Quote: “Critique needs to lead to alternatives. Correcting the ideas of another writer may seem an intuitive way of rewriting their work— you identify what they’ve gotten wrong and then you show them how to get it right” (56).

Quote/Definition of Countering: “Countering looks at other views and texts not as wrong but as partial —in the sense of being both interested and incomplete. In countering you bring a different set of interests to bear upon a subject, look to notice what others have not. Your aim is not to refute what has been said before, to bring the discussion to an end, but to respond to prior views in ways that move the conversation in new directions” (56).

Quote: “As writers we participate in the discourses of our culture in ways we can never fully control, and may not always be aware of.

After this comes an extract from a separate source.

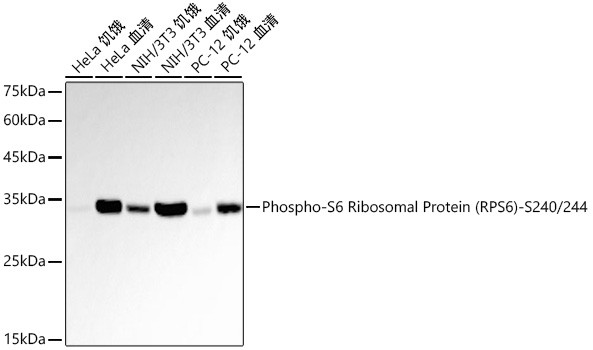Phospho-S6 Ribosomal Protein (Ser240, Ser244) Antibody in Western Blot (WB)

Rather, the values and attitudes of our society are often insinuated in the very metaphors and turns of phrase, examples and images, stories and characters, that we are given to work with in writing” (63).

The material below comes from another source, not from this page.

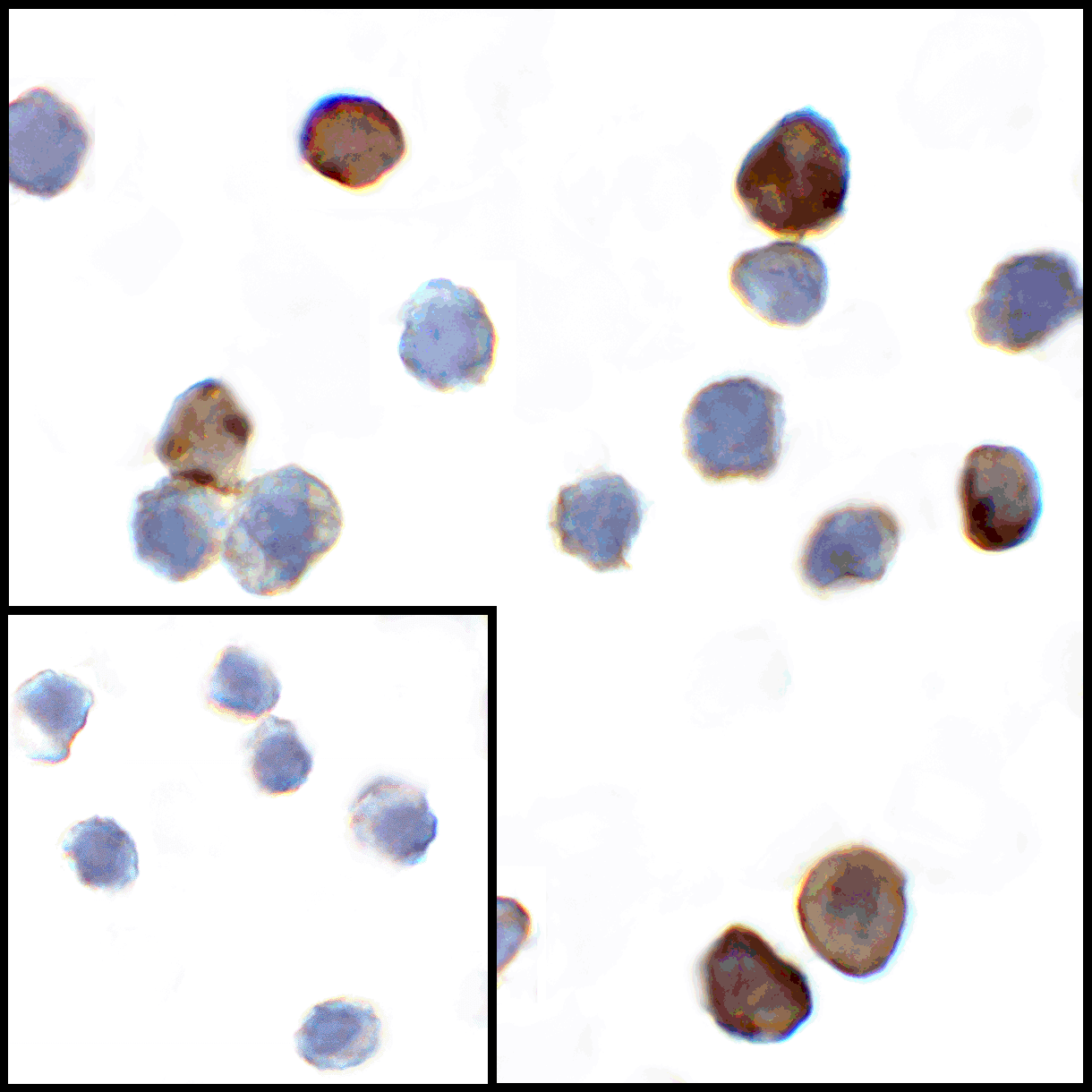 VSIR / GI24 / VISTA Antibody (clone 6D2)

I am hoping to use these Gee sources (“An Introduction to Discourse Analysis: Theory and Method” and “Literacy, discourse, and Linguistics: and Introduction”) as they are, but I would like to expand on them further by relating them to my own experiences within the sciences and the humanities. I haven’t selected specific arguments yet and have quite a bit to work on in that sense, but I will definitely take them further than Christina Haas did in her piece “Learning to Read Biology”. I currently don’t have access to her work anymore and will need to get it from Cripps, but I describe her argument in my original paper as a way of learning how to think differently in order to gain access to a certain discourse. She gives student examples on scientific discourse entry. I want to compare this example of the student Eliza to my own experience of entering the science discourse; I’m hoping to take this a few steps further by explaining the changes I had to make to enter the humanities discourse and how I have to alter my learning styles to adapt to the mini discourses found within the humanities. Likewise, I don’t have access to “Scientific Writing and Communication in in Agriculture and Natural Resources” by Nair and Nair and will need to request that from Cripps as well.